皿渕沢を20分ほど遡行するとトガラ沢出合。トガラ沢は小滝が続いてさくさくと標高が上がる。さくさくと標高が上がる以外は特に特筆することはなく2時間ちょっとで池塘のあるコルに出た。

横沢の下降も特に難しいことはない。事前に読んだ記録の通り、懸垂になりそうな滝がいくつか出てくるが意外とどれもクライムダウンできてしまう。渓相も明るくて、魚影も濃い。確かに関東近郊にあったら一気にグラビア沢として人気になりそうだ。

途中で休憩していると、先行していたはずのパーティが後ろからやってきた。どうやらトガラ沢で少しルートを間違えて戻ってきたらしい。魚影が濃いので彼らはここで竿を出すとのこと。楽しそうだが、まだまだ先は長いので我々は再度先行させてもらう。(その後彼らとまた会うことは無かった)
結局2回懸垂下降をして14時に八久和川との出合へ。大渓谷との対面に胸が躍る。ここ一週間で累積200mm以上の雨を受け入れた八久和は、野太い流れで我々を迎えてくれた。

平水を知らないが恐らくはかなり増水しているのだろう。暴力的な水の流れに緊張感が高まる。カクネ平まで右岸に巻き道が付いているらしいが、しばらくは左岸を水線沿いに進めそうなので行けるところまで行ってみることにする。が、案の定すぐに突破できないゴルジュが現れ左岸を高巻き。
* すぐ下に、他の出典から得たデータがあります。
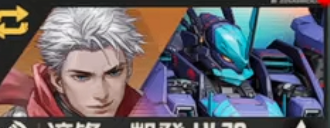 名無し tweet media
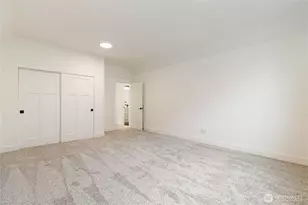 5948 (Lot 44) Ranch Loop, Ferndale, WA 98248 - Photo 25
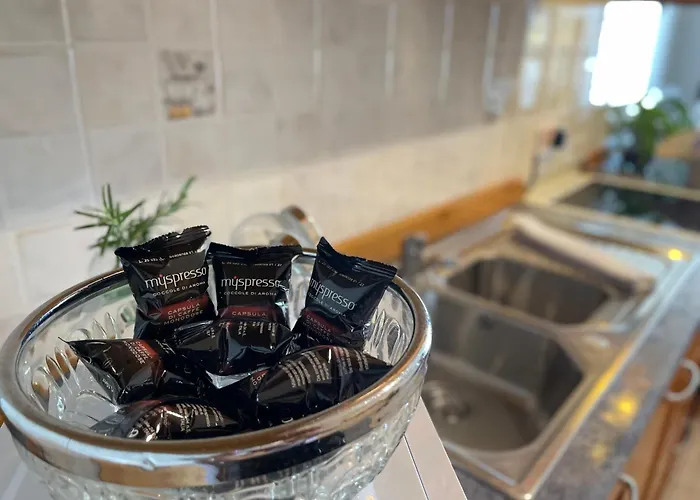 Seafront Maisonette Ocean Views & Terrace * Mellieħa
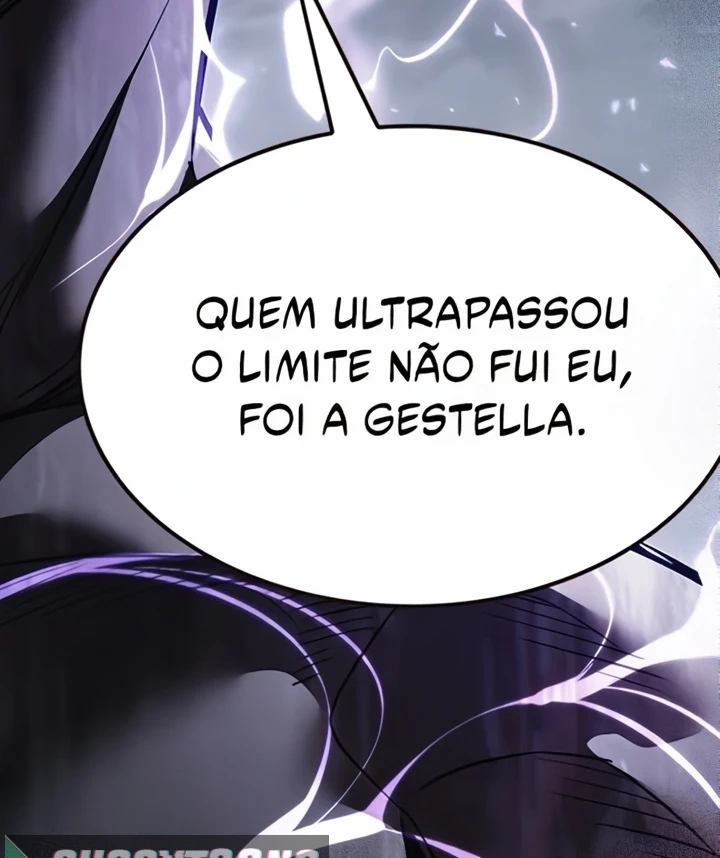 Read Veletric BR Manga Online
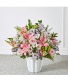 Purchase this funeral home arrangement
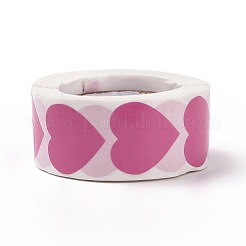 Herz papier aufkleber&nbsp;LS-DIY-I107-01F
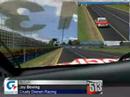 Round 3 - Melbourne GP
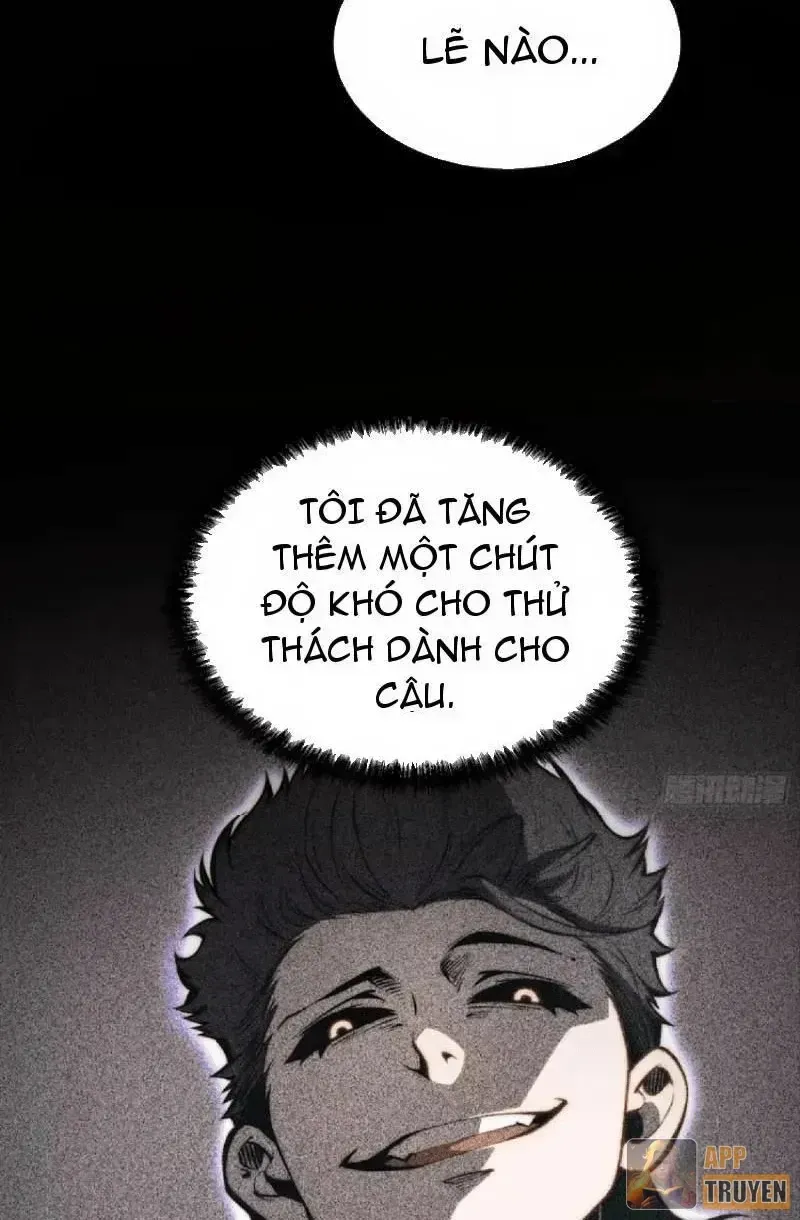 Chapter 147 - Trang 24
地形図の通り一段上がると台地上になっており、しめしめと進めるところまで進んでしまう。台地が終わるあたりで懸垂すると、ちょうど渡渉ができそうなポイントに下りてこれた。今日の水量だとこの先も水線突破は厳しそうだ。念のためロープで確保しながら一人ずつ対岸に渡り、左岸の巻き道をたどることにする。だが、道はとっくの昔に自然に帰ってしまったようで、時折薄い踏み跡が残るだけで、大半は藪やガレの片斜面が続く。カクネ平までは直線距離で1kmくらいのはずなのに、いつまで経ってもたどり着けない。途中で痺れを切らして一度懸垂で川に下りるが、結局すぐにまた高巻きする羽目になった。


横沢出合から4時間半掛けて何とか日没前にカクネ平へ。急いで薪を集めて、焚火がつく頃にはもう辺りは真っ暗になっていた。飯を掻き込んで、明日も長いので早々と就寝。
8/14(木) 晴れ
5時くらいには歩き始めるつもりだったが、前日寝る時間が遅くなってしまったので、予定を少し後ろ倒しにして6時半に出発。しばらく台地を進んでから、適当な小沢から再度八久和に降り立った。
一夜明けて多少は減水したらしい、岩に付いた水跡を見る限り5cm程度か。芝倉沢は地形図ではゴルジュぽいイメージだが、実際は広い河原が続く。昨日の酷い藪漕ぎから打って変わって、さくさくと前に進めて気分が良い。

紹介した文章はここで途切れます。